** PROBLEM STATEMENT **
Write the data below out exactly as it stands. Do not include the pictures.

(Collected data entries)

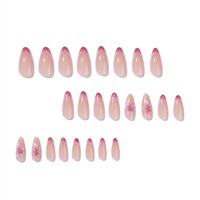 Set Kuku Palsu 3D Floral Press On dengan Ujung Prancis Bergelombang, Motif Marmer Pink Gold, Nude Almond, Dapat Digunakan Kembali, Buatan Tangan, 4367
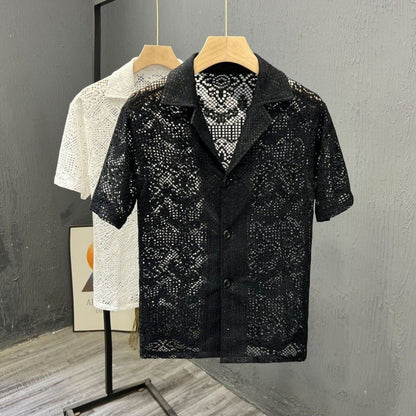 Men's Retro Breathable Hollow-Out Lace Shirt - RALO COLLECTION STUDIO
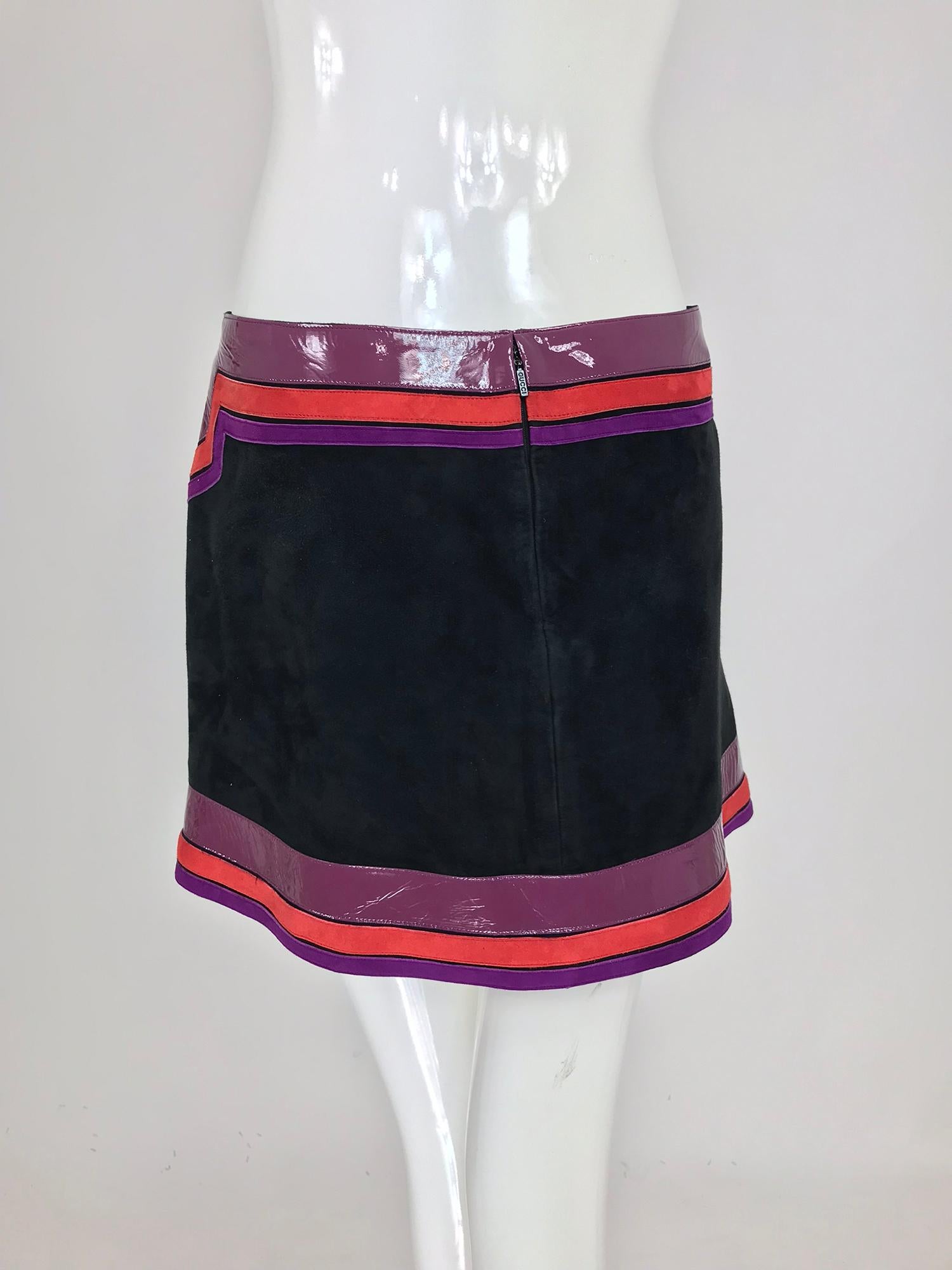 Gucci Black Suede Skirt Purple and Red Patent Leather Trim S/S 2007  1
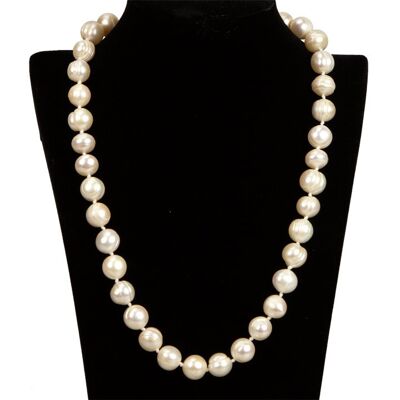Collar de perlas de agua dulce, color crema, 9-10 mm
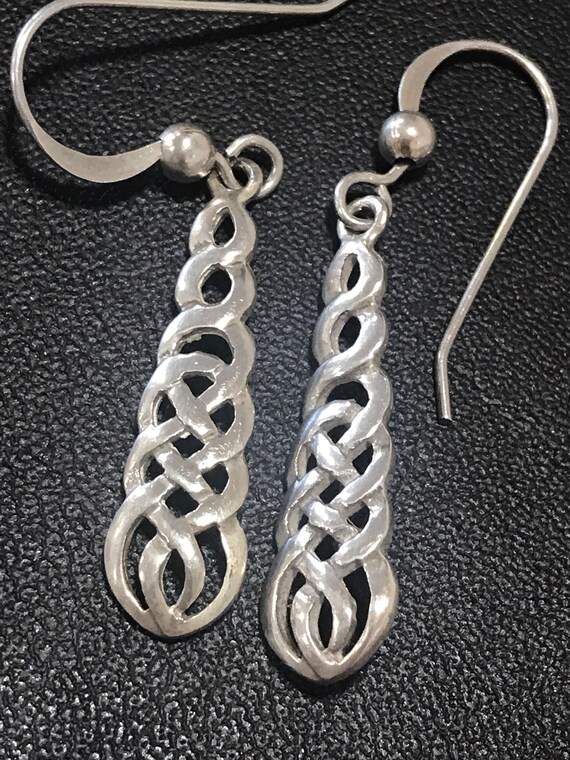 vintage solid 925 silver Celtic knot work style stone drop pierced earrings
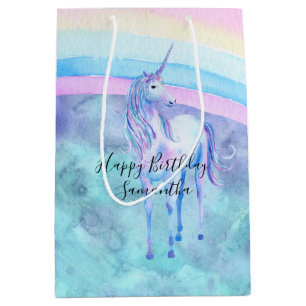 Purple Aqua Unicorn Dream Medium Gift Bag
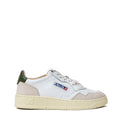 Sneakers Medalist Low In Pelle, Suede Bianco, Verde Bronzo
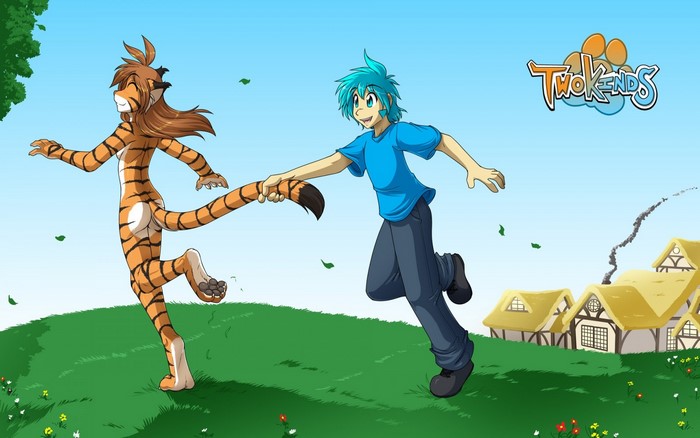 Twokinds characters running in a grassy field
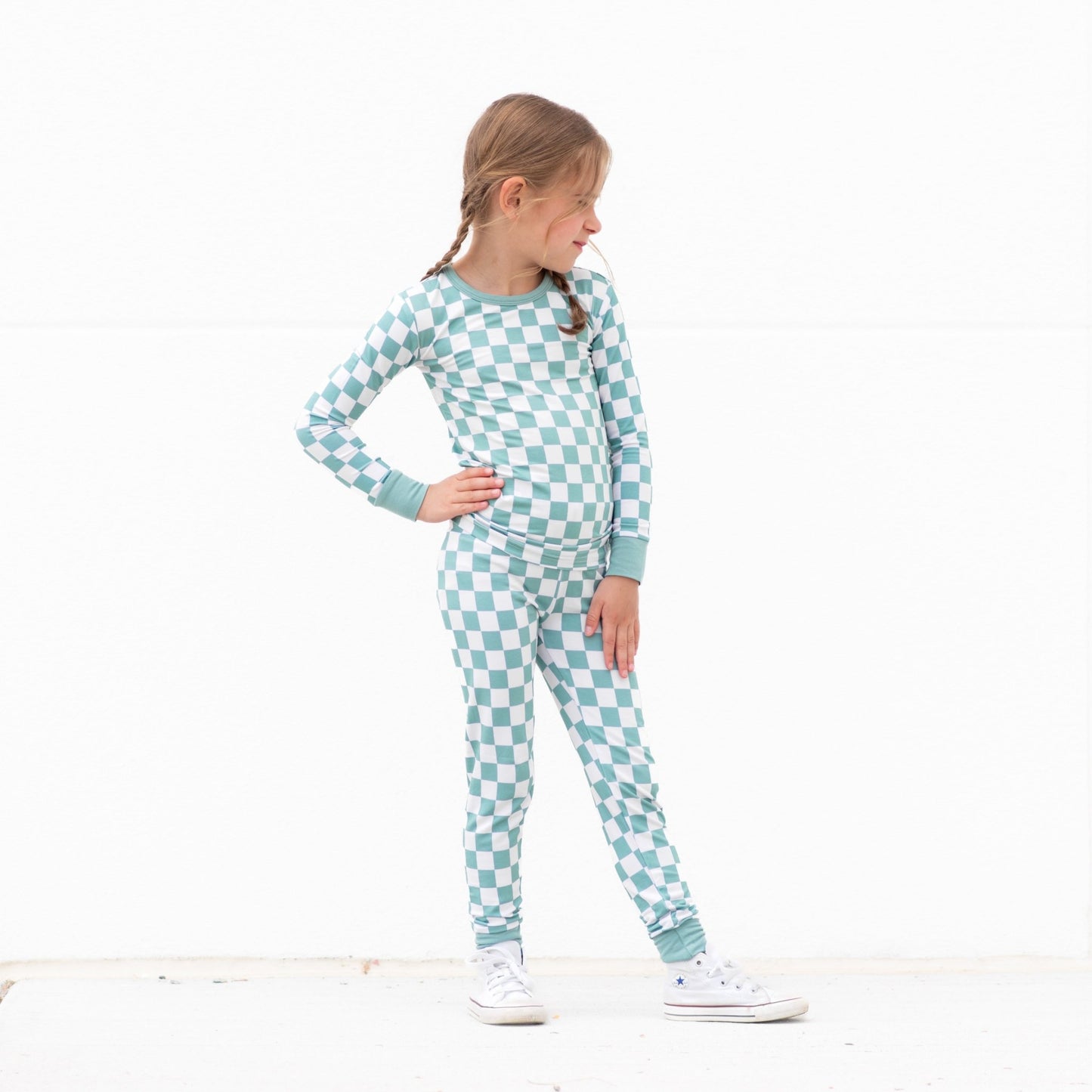 LONG SLEEVE 2 PIECE SETS - Sage Check - Mack & Harvie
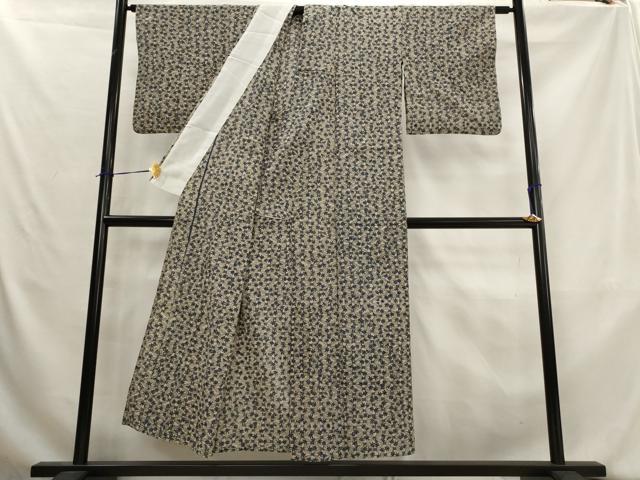 平和屋着物*夏物 小紋 浴衣兼用 絹紅梅 藍 楓 綿絹 逸品 AABK8917st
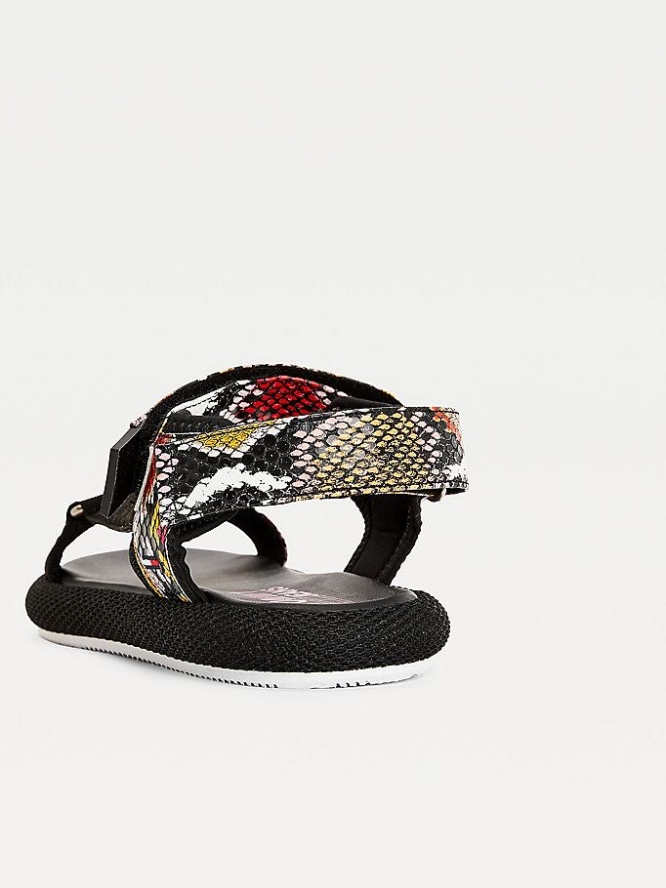 Tommy Hilfiger Snake Print Flache Sandalen Damen Schwarz | AT152WHDV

** RESULT OF THE EXERCISE **
 Set Kuku Palsu 3D Floral Press On dengan Ujung Prancis Bergelombang, Motif Marmer Pink Gold, Nude Almond, Dapat Digunakan Kembali, Buatan Tangan, 4367
 Men's Retro Breathable Hollow-Out Lace Shirt - RALO COLLECTION STUDIO
 Gucci Black Suede Skirt Purple and Red Patent Leather Trim S/S 2007  1
Collar de perlas de agua dulce, color crema, 9-10 mm
 vintage solid 925 silver Celtic knot work style stone drop pierced earrings
 Purple Aqua Unicorn Dream Medium Gift Bag
 Sneakers Medalist Low In Pelle, Suede Bianco, Verde Bronzo
 Twokinds characters running in a grassy field
 LONG SLEEVE 2 PIECE SETS - Sage Check - Mack & Harvie
 平和屋着物*夏物 小紋 浴衣兼用 絹紅梅 藍 楓 綿絹 逸品 AABK8917st
 Tommy Hilfiger Snake Print Flache Sandalen Damen Schwarz | AT152WHDV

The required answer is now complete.